### PROVIDED RECORDS
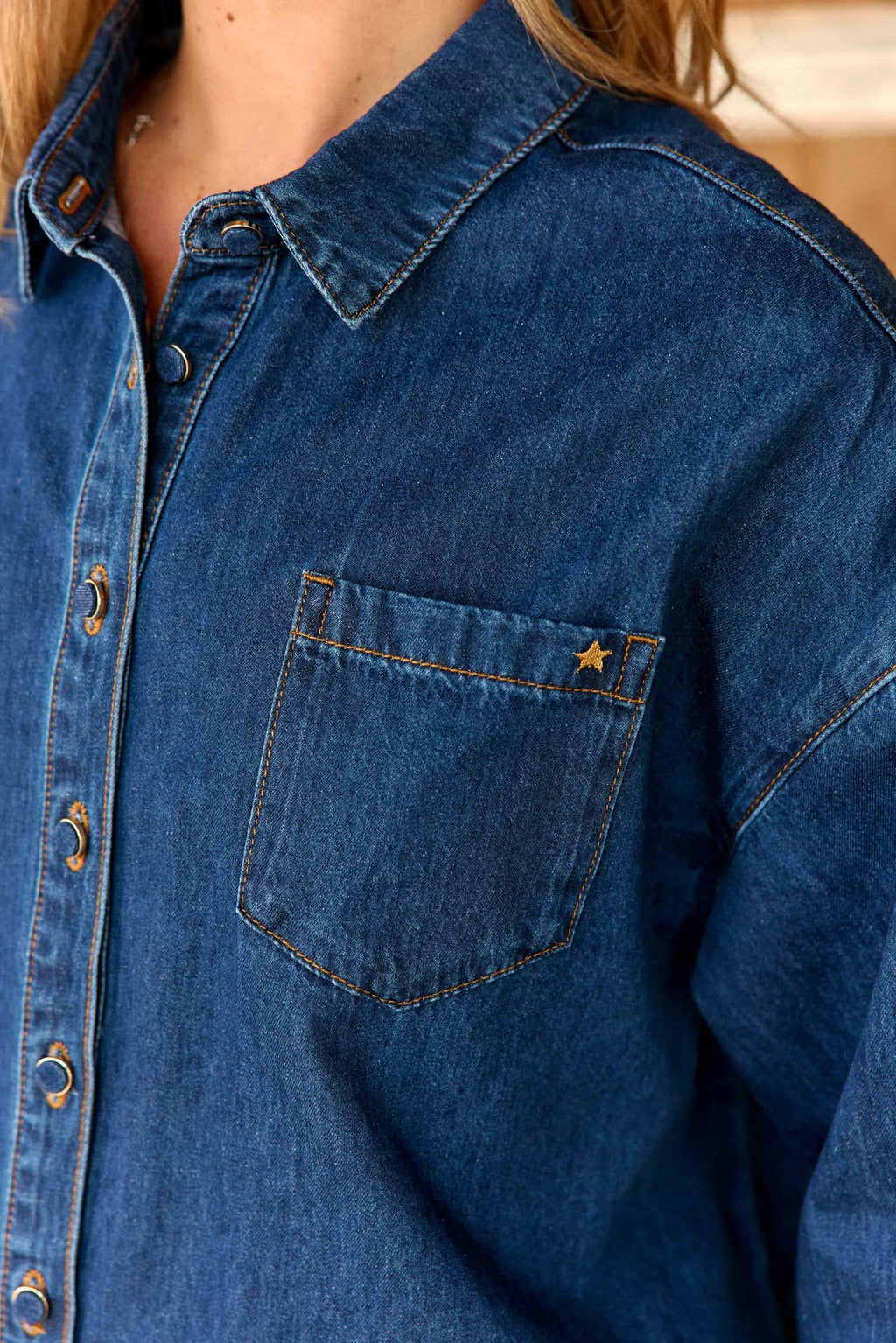 CHANICO – Chemise en Jean Bleu Wash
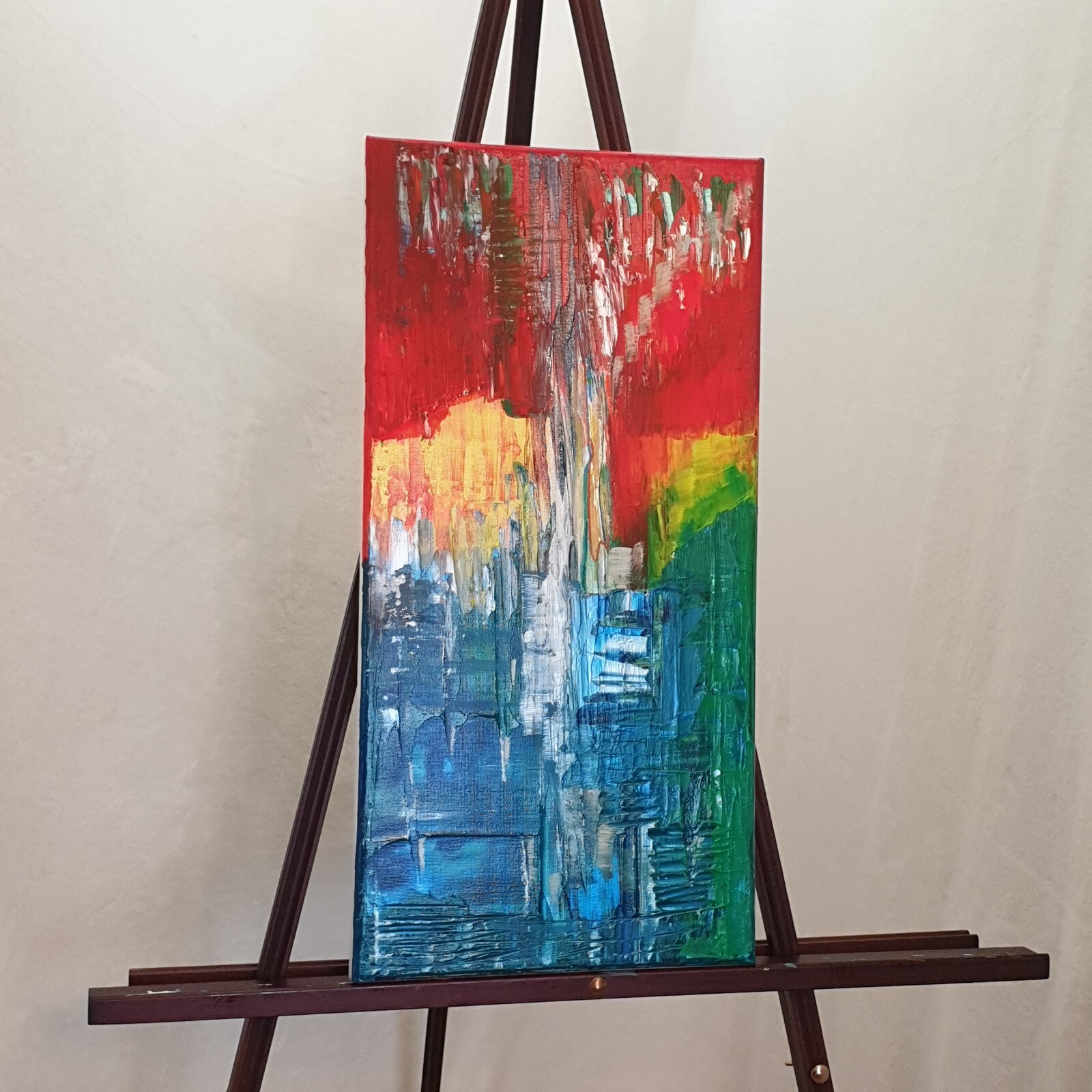 Ultra Vibrant See Vid Modern Orig Iridescent Abstract Acrylic Paint Canvas 10x20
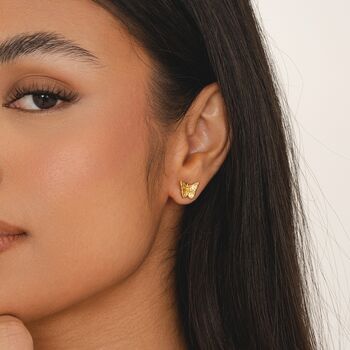 Butterfly Stud Earrings 18k Gold Plated, 7 of 8
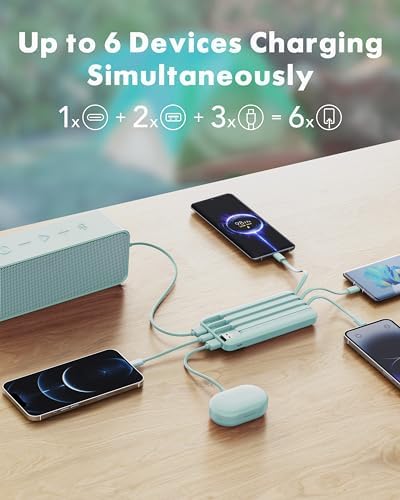 Charmast Power Bank with Built in Cables X 4, 10000mAh Portable Charger 6 Outputs 3 Inputs Travel Essentials, LED Display Type C Powerbank, Slim USB C Battery Pack Compatible with iPhone17/Samsung etc - Image 3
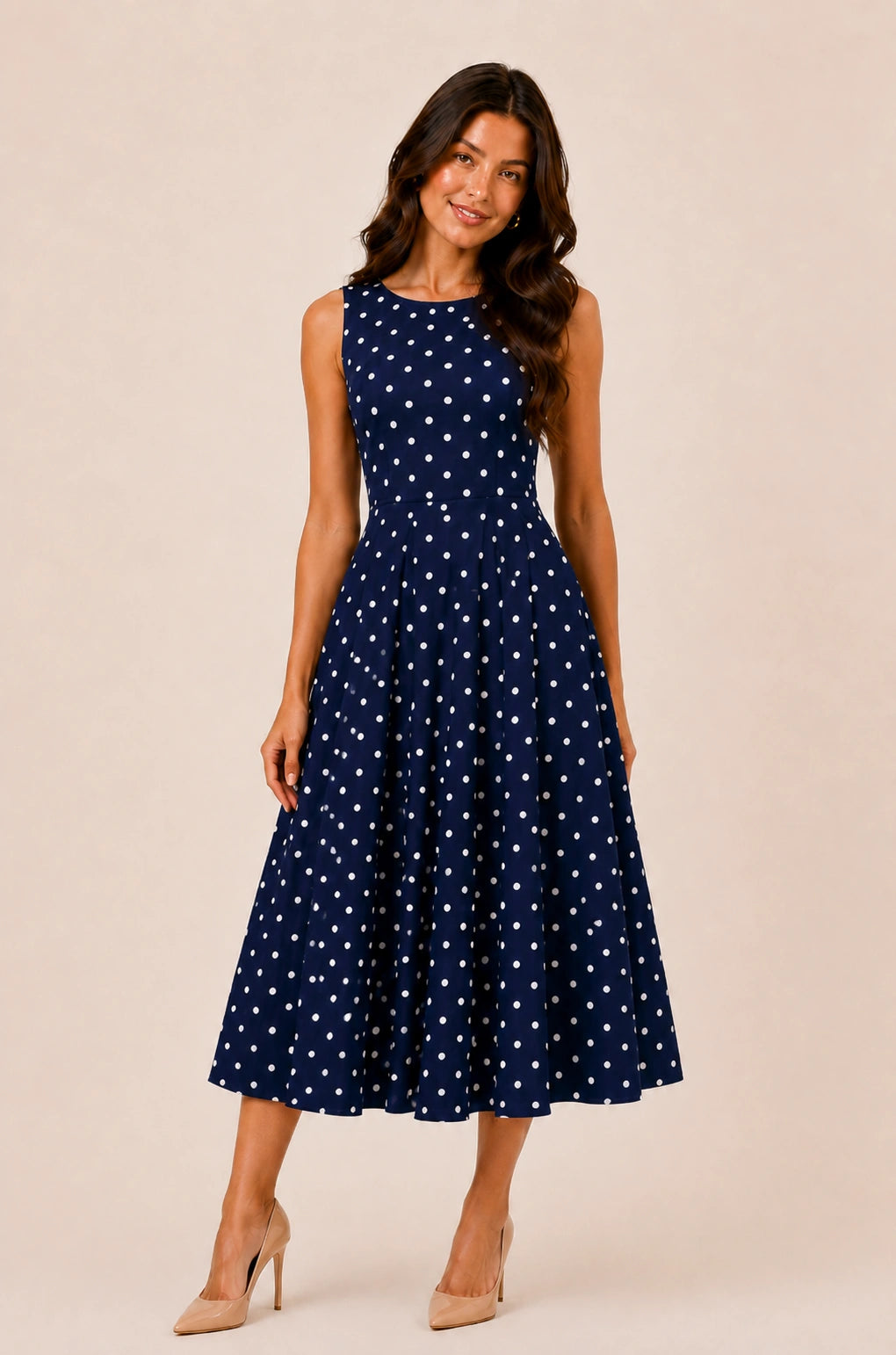 Midnight Polka Midi Dress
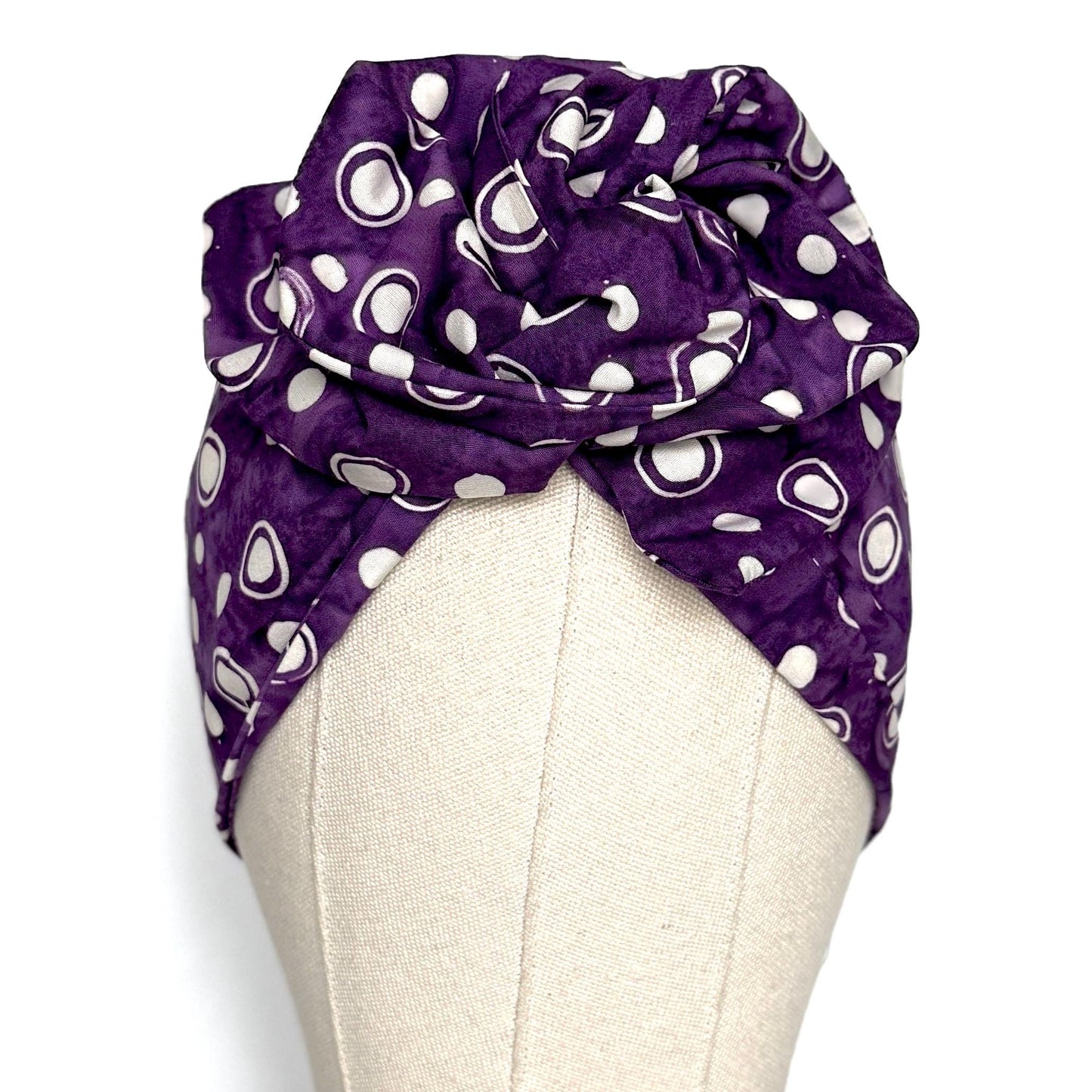 Extra Wide Adjustable Wire Headband, Batik Plum White Abstract Polka Dot Print, Boho Wired Headband, Fabric Head Wrap, BendableTurban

### WORK TO BE COMPLETED
Retype all the data exactly. Omit pictures.

### ANSWER FOR THIS EXERCISE
 CHANICO – Chemise en Jean Bleu Wash
 Ultra Vibrant See Vid Modern Orig Iridescent Abstract Acrylic Paint Canvas 10x20
 Butterfly Stud Earrings 18k Gold Plated, 7 of 8
 Charmast Power Bank with Built in Cables X 4, 10000mAh Portable Charger 6 Outputs 3 Inputs Travel Essentials, LED Display Type C Powerbank, Slim USB C Battery Pack Compatible with iPhone17/Samsung etc - Image 3
 Midnight Polka Midi Dress
 Extra Wide Adjustable Wire Headband, Batik Plum White Abstract Polka Dot Print, Boho Wired Headband, Fabric Head Wrap, BendableTurban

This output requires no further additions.